Thursday, November 1, 2012

Day 31: Happy Halloween

Lucas wore his Toothless costume proudly during our mall outing for trick or treating on this soggy Seattle night. For the first time, he actually kept his entire costume on -- hood, wings and tail -- and showed them off with every "ooh" and "ahh" from the candy-dispensing retail staff. We in our Viking garb, flanking the pint-sized dragon, several mall goers asked to either take our picture or have their picture taken with us...the attention was unexpected. For future reference, get to the mall by 5 PM because by 6, the mall is packed and most stores out of candy.

Here's our toothy Toothless who had a night filled with treats!

p.s. we have a confession: we didn't make Lucas' awesome costume, as we had resorted to. Instead, at the 11th hour, I found someone on Etsy willing to turn it around in one day in order to get it to us in time to make Lucas' fantasy a reality. Thanks, Megan!


Thursday, October 25, 2012

Day 24: How to Train Your Parents

Lucas was stuck on "The Lion King" for ages and we thought he'd never get over it, even months after he was banned from watching the movie (have you seen how violent it is? And what's with the Nazi references?). But alas, he has completely outgrown it. As a matter of fact, I reluctantly purchased a Simba Halloween costume which I had to return because he would have none of it.

Lucas continues to adore animals, especially those in the wild, which we support and encourage. That said, this summer friends introduced him to what has become his latest animated movie obsession "How to Train Your Dragon" -- in the last few weeks he's grown so fond of the movie that he decided this year's only acceptable Halloween costume is the loveable dragon "Toothless" or as he calls him "Toofess" -- if you haven't seen the movie, run don't walk to pick up the DVD...it's seriously that good and has a great message of coexistance.
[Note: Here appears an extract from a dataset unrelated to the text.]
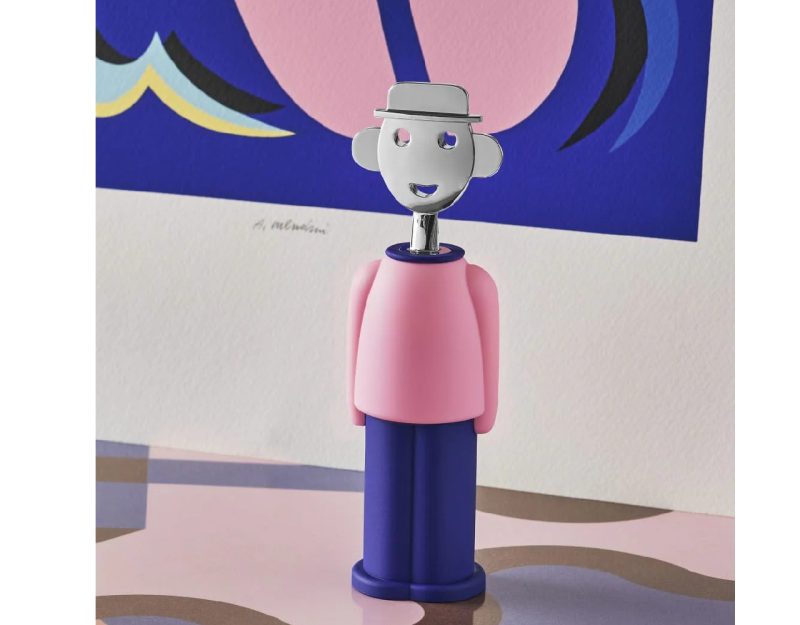 Alessi Alessandro M. Corkscrew Pink & Blue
As you can imagine, we've been searching high and low for a Toothless costume with no luck. In the meantime, inspired by Lucas, Tom and I decided to build on the theme and picked up Viking costumes, which we debuted at Tom's sister's Halloween party this past weekend. Here we are as an ax-wielding-pigtailed blond and a too-short-tunic-long-haired-wig-wearing brut...we were a riot and actually kind of frightening. But, I digress, with the clock ticking we've now given in to the only available option: make Lucas' costume ourselves! We will bring the little sewing talent we share to help our son live out his Halloween fantasy.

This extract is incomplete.